EXERCISE DESCRIPTION.
Output only the stretch of the listing that starts at the line containing "bedroom with wood" and ends at the line containing "Bildet viser en", reproduced exactly with both ends.

WORKING DATA.

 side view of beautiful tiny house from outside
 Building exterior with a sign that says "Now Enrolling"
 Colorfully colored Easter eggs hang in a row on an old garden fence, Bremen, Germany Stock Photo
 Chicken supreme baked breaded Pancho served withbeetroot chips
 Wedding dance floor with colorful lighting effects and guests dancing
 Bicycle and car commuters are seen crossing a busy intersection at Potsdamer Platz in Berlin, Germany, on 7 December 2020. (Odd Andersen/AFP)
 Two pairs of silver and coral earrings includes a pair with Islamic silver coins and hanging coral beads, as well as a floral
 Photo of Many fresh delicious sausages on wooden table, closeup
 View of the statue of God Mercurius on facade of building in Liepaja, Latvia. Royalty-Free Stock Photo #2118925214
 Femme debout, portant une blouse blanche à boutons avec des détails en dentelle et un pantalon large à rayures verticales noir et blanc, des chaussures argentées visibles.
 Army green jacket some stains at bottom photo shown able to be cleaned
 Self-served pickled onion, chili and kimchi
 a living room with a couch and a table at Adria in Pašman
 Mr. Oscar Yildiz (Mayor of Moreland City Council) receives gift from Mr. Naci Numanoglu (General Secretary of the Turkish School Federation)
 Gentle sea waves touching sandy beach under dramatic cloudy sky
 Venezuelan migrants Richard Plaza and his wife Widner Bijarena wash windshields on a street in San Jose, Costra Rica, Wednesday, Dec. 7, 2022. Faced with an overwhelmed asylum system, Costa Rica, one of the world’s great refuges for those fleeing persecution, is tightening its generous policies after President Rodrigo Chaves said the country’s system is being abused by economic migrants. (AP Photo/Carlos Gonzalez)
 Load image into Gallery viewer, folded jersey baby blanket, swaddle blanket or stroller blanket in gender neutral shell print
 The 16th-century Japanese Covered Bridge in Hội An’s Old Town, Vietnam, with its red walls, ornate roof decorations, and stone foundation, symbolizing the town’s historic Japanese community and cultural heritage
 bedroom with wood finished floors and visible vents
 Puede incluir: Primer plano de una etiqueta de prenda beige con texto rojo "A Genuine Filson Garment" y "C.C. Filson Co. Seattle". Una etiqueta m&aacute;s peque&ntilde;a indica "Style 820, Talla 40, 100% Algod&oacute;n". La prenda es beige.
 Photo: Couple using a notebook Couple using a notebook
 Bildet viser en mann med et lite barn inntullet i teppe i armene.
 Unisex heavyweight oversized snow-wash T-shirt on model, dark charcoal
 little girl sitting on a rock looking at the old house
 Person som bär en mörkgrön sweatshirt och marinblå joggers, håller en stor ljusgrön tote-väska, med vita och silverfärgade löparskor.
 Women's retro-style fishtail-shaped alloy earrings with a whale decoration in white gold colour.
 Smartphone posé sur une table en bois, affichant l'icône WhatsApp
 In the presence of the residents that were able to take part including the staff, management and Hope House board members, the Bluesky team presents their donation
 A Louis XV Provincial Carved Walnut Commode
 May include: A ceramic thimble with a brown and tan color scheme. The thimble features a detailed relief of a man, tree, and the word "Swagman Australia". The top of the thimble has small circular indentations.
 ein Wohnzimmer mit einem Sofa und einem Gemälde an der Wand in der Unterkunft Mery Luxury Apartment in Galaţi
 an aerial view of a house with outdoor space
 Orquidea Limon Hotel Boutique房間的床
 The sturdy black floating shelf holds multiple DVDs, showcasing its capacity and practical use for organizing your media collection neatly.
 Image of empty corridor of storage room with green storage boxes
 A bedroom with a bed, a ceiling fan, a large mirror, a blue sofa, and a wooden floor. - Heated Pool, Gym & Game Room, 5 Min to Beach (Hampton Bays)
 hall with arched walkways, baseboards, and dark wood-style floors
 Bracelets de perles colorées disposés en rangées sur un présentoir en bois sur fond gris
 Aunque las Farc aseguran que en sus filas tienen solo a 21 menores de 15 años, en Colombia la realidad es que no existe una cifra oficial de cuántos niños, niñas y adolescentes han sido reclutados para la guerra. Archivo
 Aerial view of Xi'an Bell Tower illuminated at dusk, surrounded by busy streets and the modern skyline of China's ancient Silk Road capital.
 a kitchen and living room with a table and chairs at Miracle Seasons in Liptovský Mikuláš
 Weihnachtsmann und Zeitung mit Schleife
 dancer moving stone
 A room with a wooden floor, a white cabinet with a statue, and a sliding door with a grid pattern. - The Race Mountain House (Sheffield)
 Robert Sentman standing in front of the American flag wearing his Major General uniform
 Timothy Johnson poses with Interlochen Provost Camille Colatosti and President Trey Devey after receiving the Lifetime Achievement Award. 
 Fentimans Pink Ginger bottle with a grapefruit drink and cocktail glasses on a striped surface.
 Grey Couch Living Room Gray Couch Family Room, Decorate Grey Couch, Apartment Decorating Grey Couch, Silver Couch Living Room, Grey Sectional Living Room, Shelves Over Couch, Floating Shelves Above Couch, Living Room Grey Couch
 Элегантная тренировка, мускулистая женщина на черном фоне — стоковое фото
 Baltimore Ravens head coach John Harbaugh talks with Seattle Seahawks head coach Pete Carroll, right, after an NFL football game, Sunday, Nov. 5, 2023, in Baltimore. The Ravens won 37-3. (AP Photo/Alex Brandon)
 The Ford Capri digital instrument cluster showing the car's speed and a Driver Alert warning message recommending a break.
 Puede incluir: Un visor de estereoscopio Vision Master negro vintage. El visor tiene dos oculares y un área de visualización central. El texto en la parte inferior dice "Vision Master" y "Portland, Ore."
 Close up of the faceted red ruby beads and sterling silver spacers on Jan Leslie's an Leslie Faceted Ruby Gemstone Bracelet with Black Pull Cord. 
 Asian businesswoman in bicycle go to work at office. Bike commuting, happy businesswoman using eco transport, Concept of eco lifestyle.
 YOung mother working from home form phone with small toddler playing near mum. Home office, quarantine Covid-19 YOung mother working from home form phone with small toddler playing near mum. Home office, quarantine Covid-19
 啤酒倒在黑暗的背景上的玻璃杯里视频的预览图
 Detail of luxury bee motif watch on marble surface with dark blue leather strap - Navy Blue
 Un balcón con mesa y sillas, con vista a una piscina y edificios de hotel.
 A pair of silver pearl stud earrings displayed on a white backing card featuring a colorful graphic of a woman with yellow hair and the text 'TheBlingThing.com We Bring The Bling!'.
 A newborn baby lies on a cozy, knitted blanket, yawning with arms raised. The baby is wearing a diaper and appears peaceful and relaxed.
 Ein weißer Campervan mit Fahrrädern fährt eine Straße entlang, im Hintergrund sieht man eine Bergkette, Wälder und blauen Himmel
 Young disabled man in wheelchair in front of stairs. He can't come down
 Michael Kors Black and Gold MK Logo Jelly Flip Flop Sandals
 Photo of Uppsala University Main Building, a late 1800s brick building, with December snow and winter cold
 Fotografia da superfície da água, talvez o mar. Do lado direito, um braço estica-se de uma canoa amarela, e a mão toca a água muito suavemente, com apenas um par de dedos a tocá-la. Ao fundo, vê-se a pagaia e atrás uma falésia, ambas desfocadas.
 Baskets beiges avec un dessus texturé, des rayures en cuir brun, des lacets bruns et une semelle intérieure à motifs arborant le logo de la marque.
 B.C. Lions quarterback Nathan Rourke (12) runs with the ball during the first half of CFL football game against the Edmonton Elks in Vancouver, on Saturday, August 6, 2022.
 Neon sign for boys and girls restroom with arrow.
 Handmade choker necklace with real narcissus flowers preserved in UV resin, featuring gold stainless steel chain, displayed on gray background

EXPECTED ANSWER.
 bedroom with wood finished floors and visible vents
 Puede incluir: Primer plano de una etiqueta de prenda beige con texto rojo "A Genuine Filson Garment" y "C.C. Filson Co. Seattle". Una etiqueta m&aacute;s peque&ntilde;a indica "Style 820, Talla 40, 100% Algod&oacute;n". La prenda es beige.
 Photo: Couple using a notebook Couple using a notebook
 Bildet viser en mann med et lite barn inntullet i teppe i armene.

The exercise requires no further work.